----- MATERIALS PROVIDED

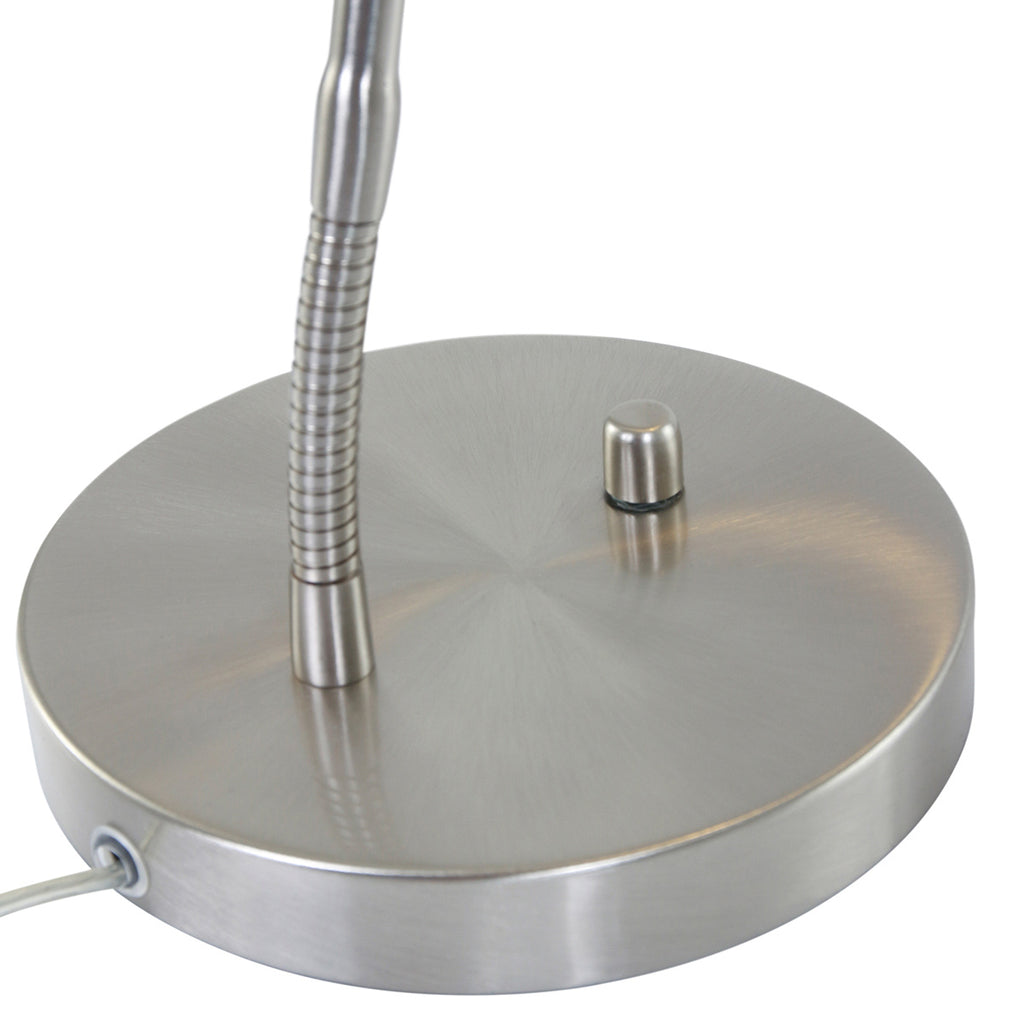 Stalen tafellamp Biron 1 lichts 7502ST met draai dimmer 2700 Kelvin
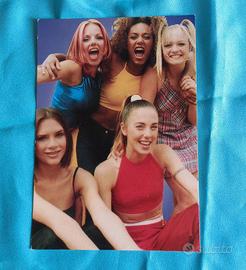Spice Girls cartolina vintage anni '90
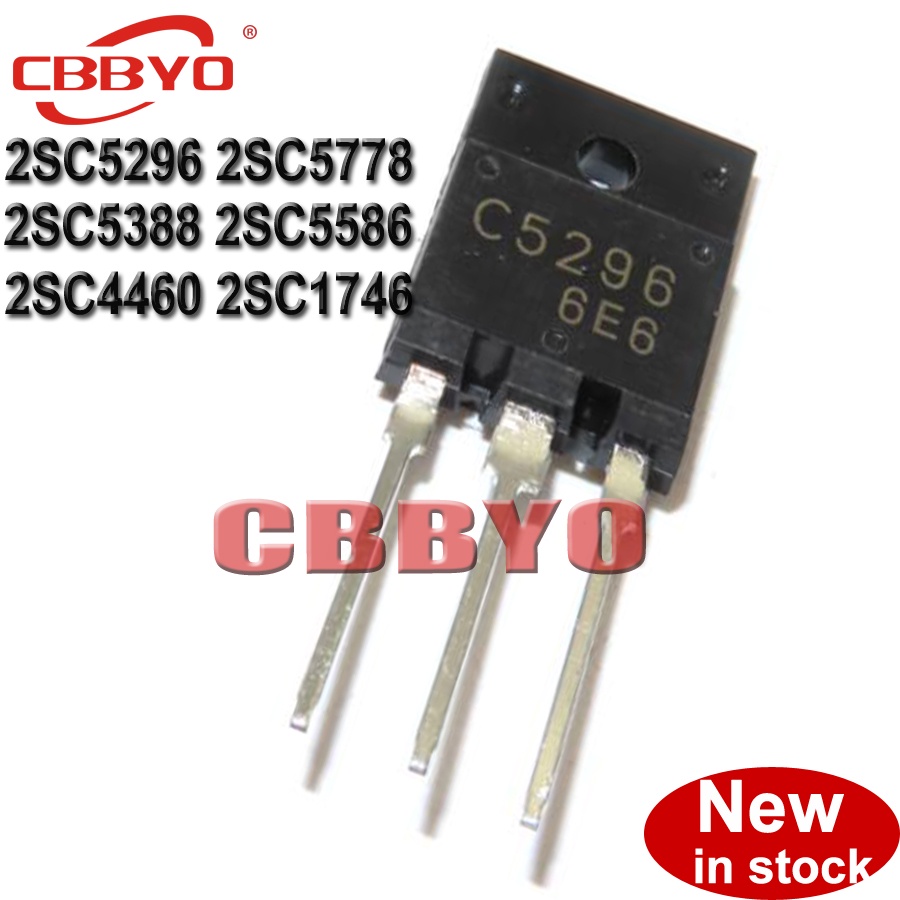5pcs 2SC5296 TO-3PF C5296 2SC5586 C5586 2SC5778 C5778 2SC5388 C5388 2SC4460 C4460 2SA1746 ยี่ห้อใหม่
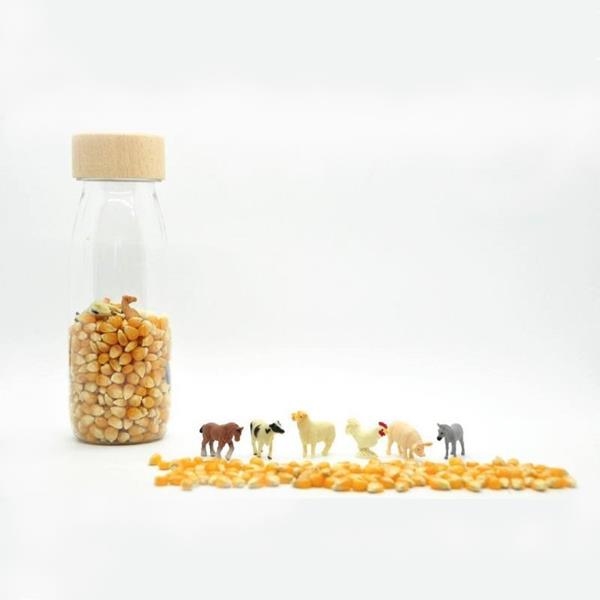 Botellas sensoriales Montessori | Juguetes ecológicos para bebés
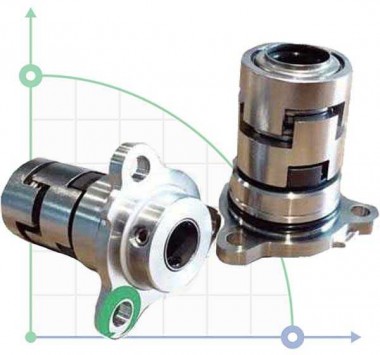Уплотнение картриджного типа R-706A 16, SIC/SIC, VITON, 304 — BTS Engineering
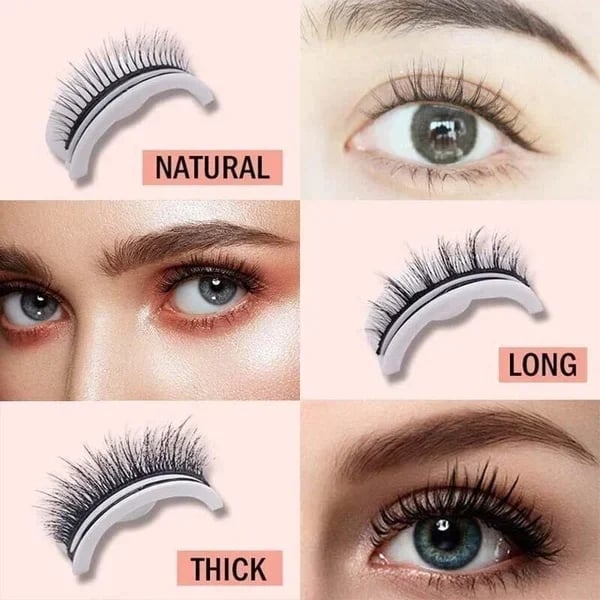 🔥Last Day 40% OFF🔥-Reusable Self Adhesive Eyelashes（Buy 1 Get 1 Free）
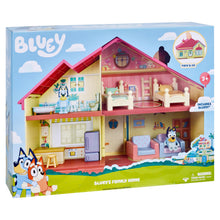 Carica l'immagine nel visualizzatore di Gallery, Bluey 13024, Heeler Family Home Play Set 1 Personaggio ufficiale Action Figure, Playhouse grande 4 camere, accessori per mobili e patio estraibile, Multicolore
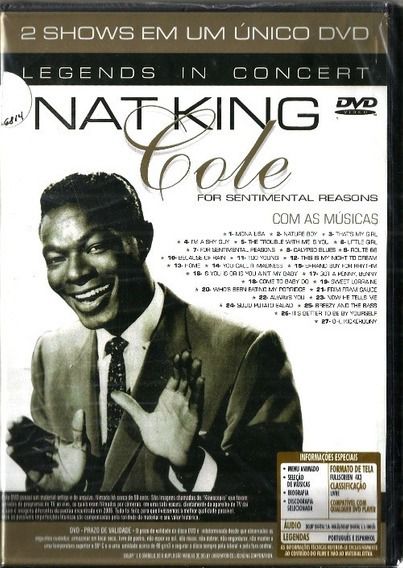 DVD - Nat King Cole - For Sentimental Reasons / Al Martino - Al Martino ( Lacrado )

----------

**WHAT TO PRODUCE**
Reproduce the lines above, exactly and exclusively, from the line containing "Spice Girls cartolina vintage anni '90" down to the last line, both included; pictures are not part of the copy.

**ANSWER BELOW**
Spice Girls cartolina vintage anni '90
5pcs 2SC5296 TO-3PF C5296 2SC5586 C5586 2SC5778 C5778 2SC5388 C5388 2SC4460 C4460 2SA1746 ยี่ห้อใหม่
 Botellas sensoriales Montessori | Juguetes ecológicos para bebés
Уплотнение картриджного типа R-706A 16, SIC/SIC, VITON, 304 — BTS Engineering
 🔥Last Day 40% OFF🔥-Reusable Self Adhesive Eyelashes（Buy 1 Get 1 Free）
 Carica l'immagine nel visualizzatore di Gallery, Bluey 13024, Heeler Family Home Play Set 1 Personaggio ufficiale Action Figure, Playhouse grande 4 camere, accessori per mobili e patio estraibile, Multicolore
 DVD - Nat King Cole - For Sentimental Reasons / Al Martino - Al Martino ( Lacrado )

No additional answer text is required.